__SUPPLIED MATERIAL__.
----

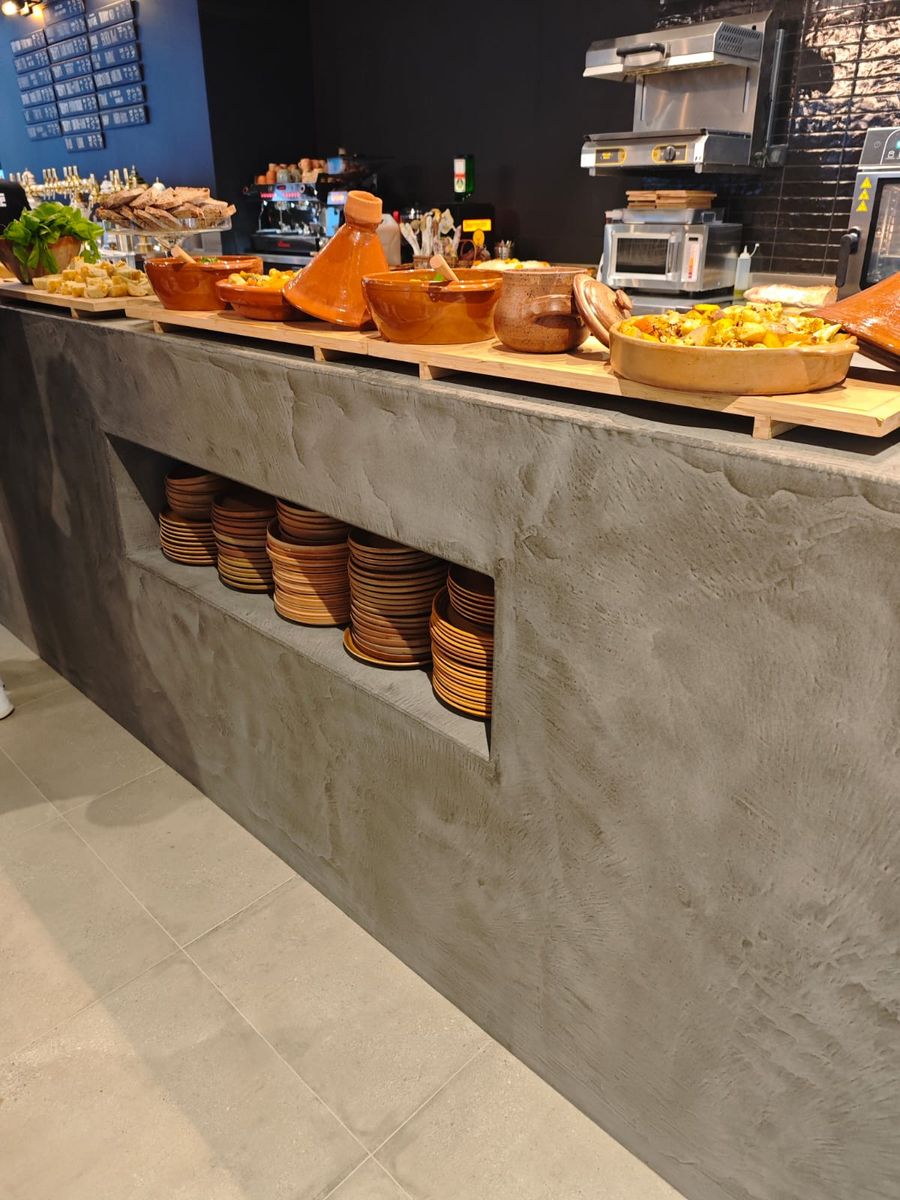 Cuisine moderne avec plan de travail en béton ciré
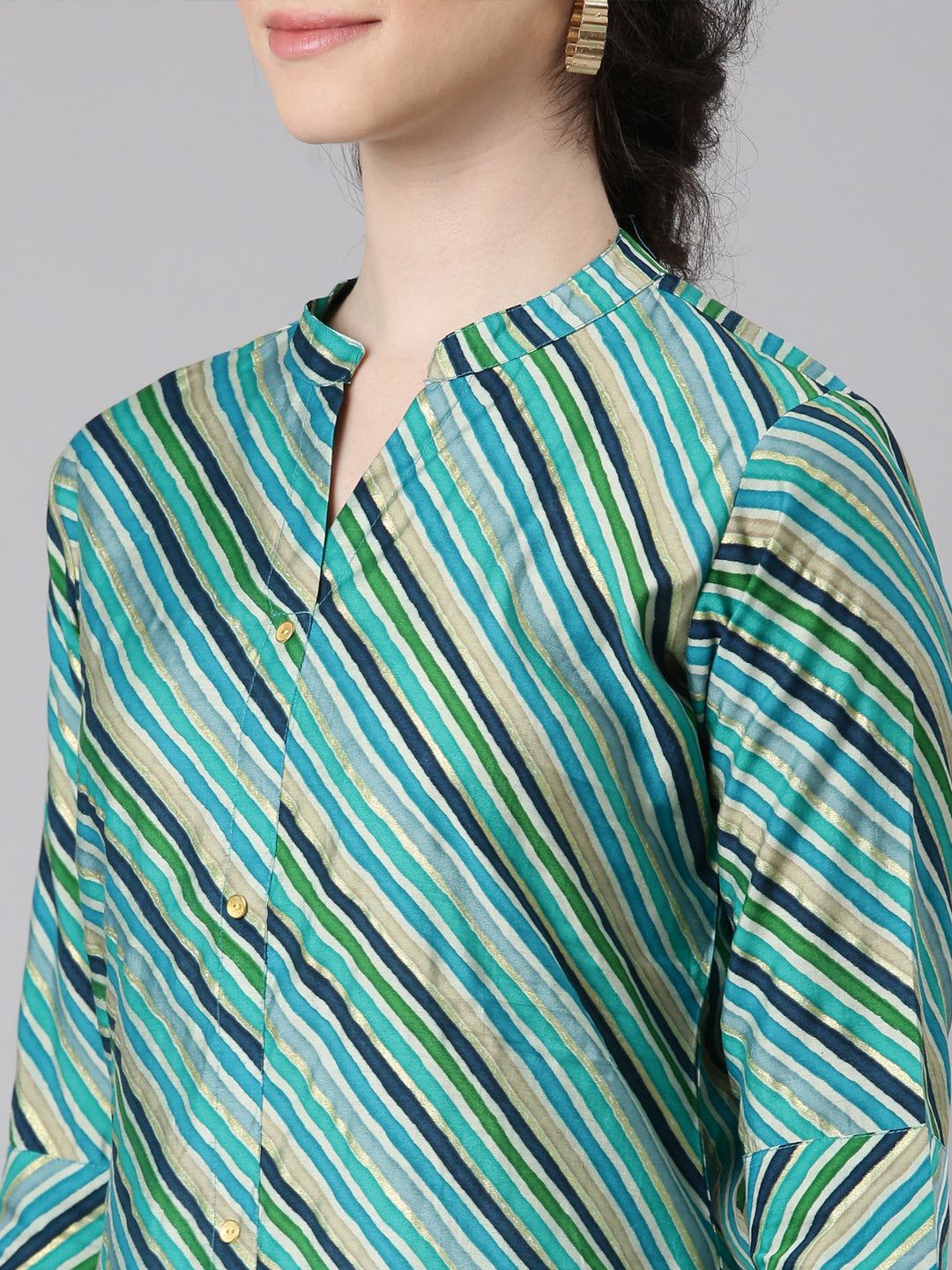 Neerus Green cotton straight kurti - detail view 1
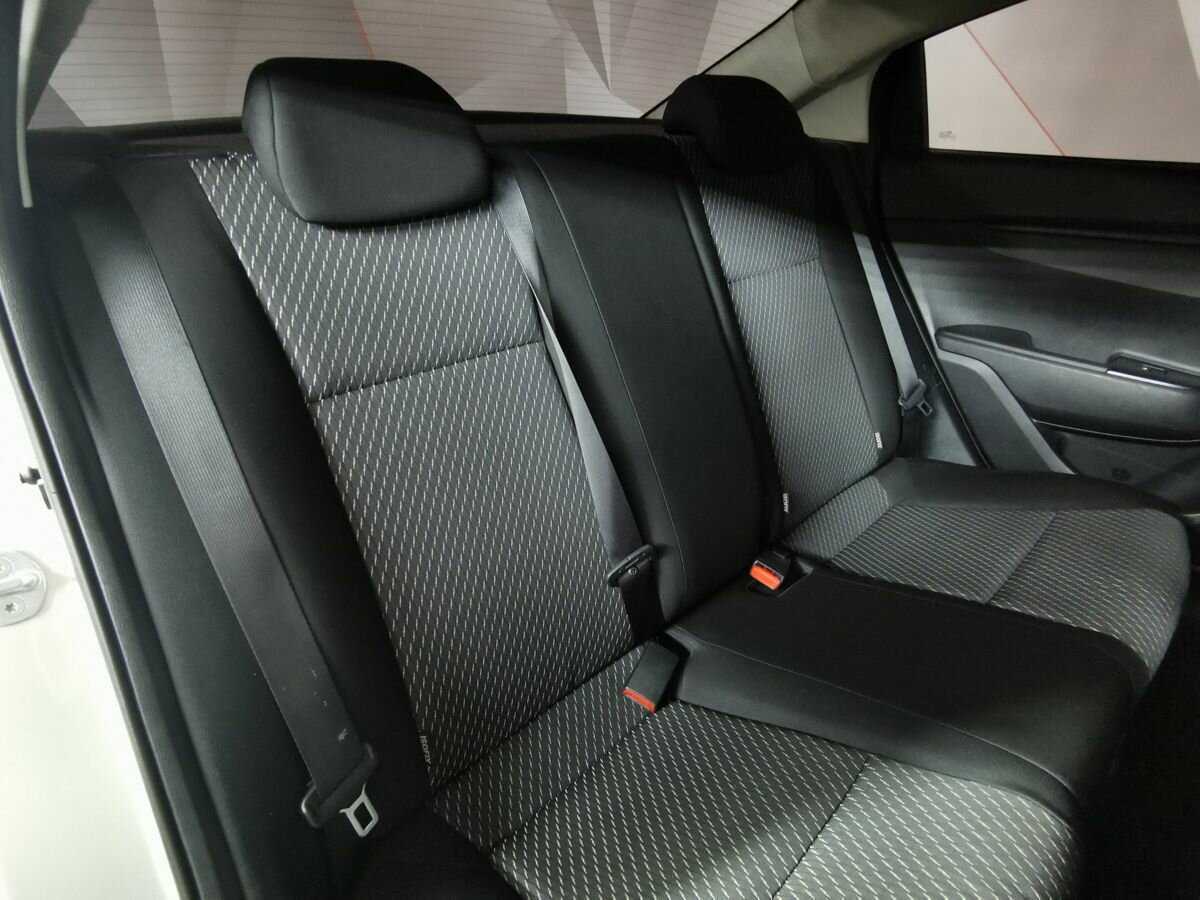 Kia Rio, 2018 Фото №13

----

__THE PROBLEM__.
Now write out the data word for word, skipping every picture in it.

__RESULT OF THIS TASK__.
 Cuisine moderne avec plan de travail en béton ciré
 Neerus Green cotton straight kurti - detail view 1
 Kia Rio, 2018 Фото №13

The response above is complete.